Sara Pascoe's new Radio 4 show

...and the rest of the week's best comedy on TV and radio

The week's comedy on TV and radio.

Sunday February 18

HOLD THE SUNSET: It's understandably been widely hyped as John Cleese's return to sitcom. But this new comedy is an ensemble affair also featuring Alison Steadman, Jason Watkins, Anne Reid, Joanna Scanlan and more. Episode one sets up the premise: Pensioners Edith and Phil intend to wed and start a new life abroad in the sunshine but their plans are poleaxed when her 50-year-old son Roger rocks up, announcing that he's left his wife, his kids and his good job at the bank, and come home to stay…. Indeterminately. BBC One, 7.30pm

Monday February 19

LAST WEEK TONIGHT WITH John Oliver: The British comic's satirical takedown of all that's wrong with Western society returns for a fifth series of 30 - count 'em - episodes. Shows just how much is wrong with the world.  Sky Atlantic, 11.10pm

TO HULL AND BACK: Lucy Beaumont's semi-autobiographical sitcom is back for a third  series. The comedian will again star as Sophie, with Maureen Lipman as her mother Sheila. In the new series, Sophie has qualified as a professional hair stylist so she can finally leave Hull and make her fortune in London – to the horror of  Sheila who plots to keep her at home.

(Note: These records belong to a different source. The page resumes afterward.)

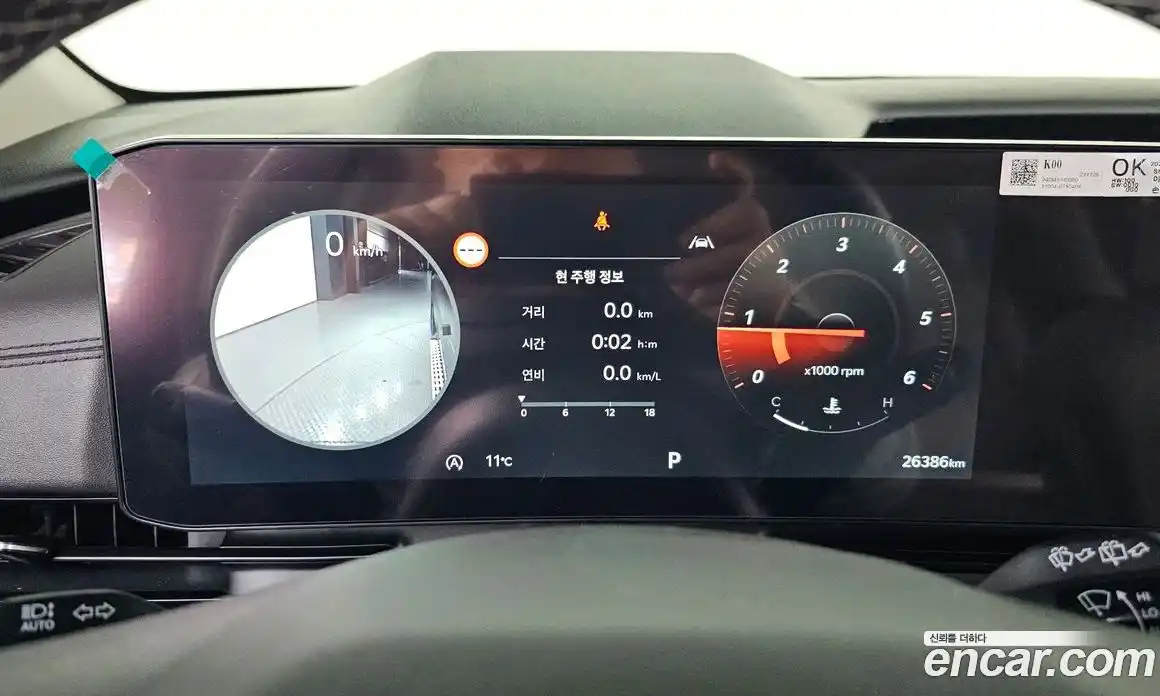 Kia Canival 2025 2.2 Автомат в Москве № 286589, фото 20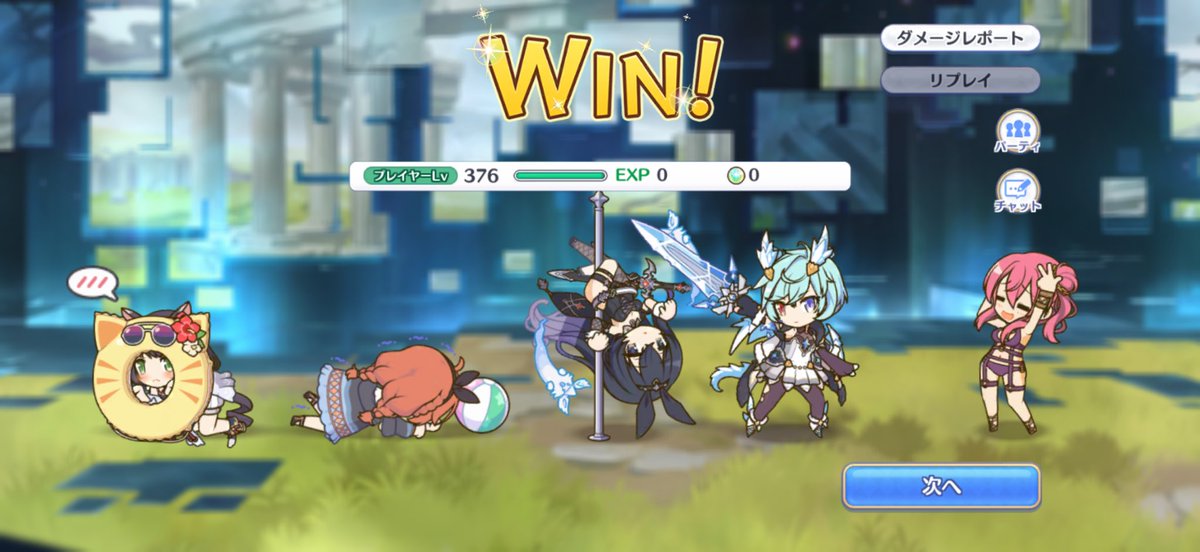 携帯機種変したのでいくつかアプリ復帰_(┐「ε:)ﾉｼ
プリコネのこの絵面がちょっと面白かったのでパシャり(シェフィ以外まともなポーズが居ない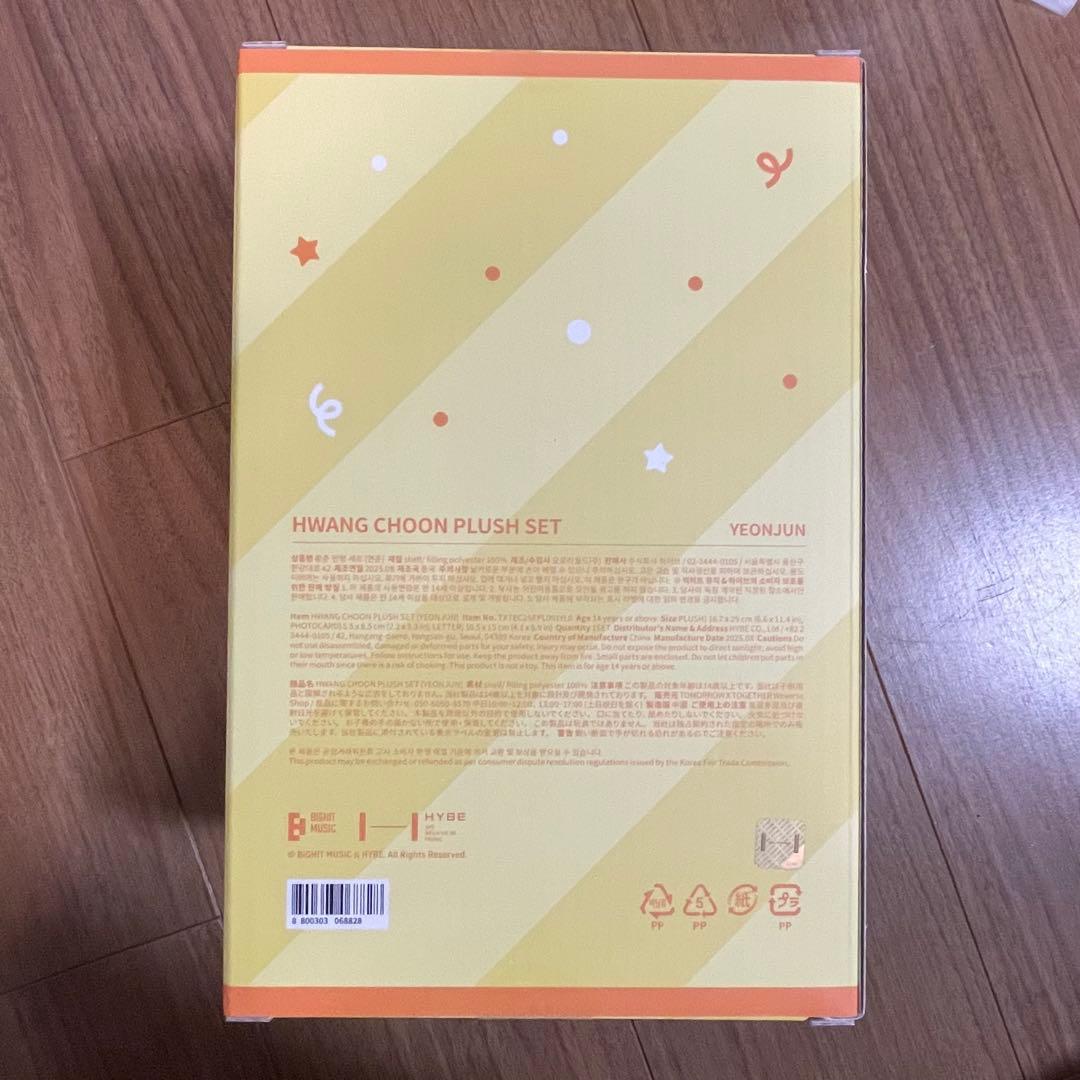 ファンチュン　3点セット　ヨンジュン　TXT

So the opposite of Hold The Sunshine...  Radio 4, 11.30am

JUST A MINUTE:  The 80th series kicks off with Nicholas Parsons chairing Paul Merton,  Josie Lawrence, Jenny Eclair and Tony Hawks. Radio 4, 6.30pm

Tuesday February 20

SARA PASCOE: THE MODERN MONKEY: In her first Radio 4 stand-up series, the comedian explores our modern world through theories of evolutionary psychology, in a similar way to her book Animal. In this first episode she takes on the rather subject of murder.  Radio 4, 6.30pm

Friday February 23

ENTERTAINING MR SLOANE: Murder, homosexuality, nymphomania, and sadism are among the themes of Joe Orton's black comedy, written for the stage in 1964 and made into this film in 1970 with Beryl Reid and Harry Andrews. Talking Pictures TV, 9.55pm.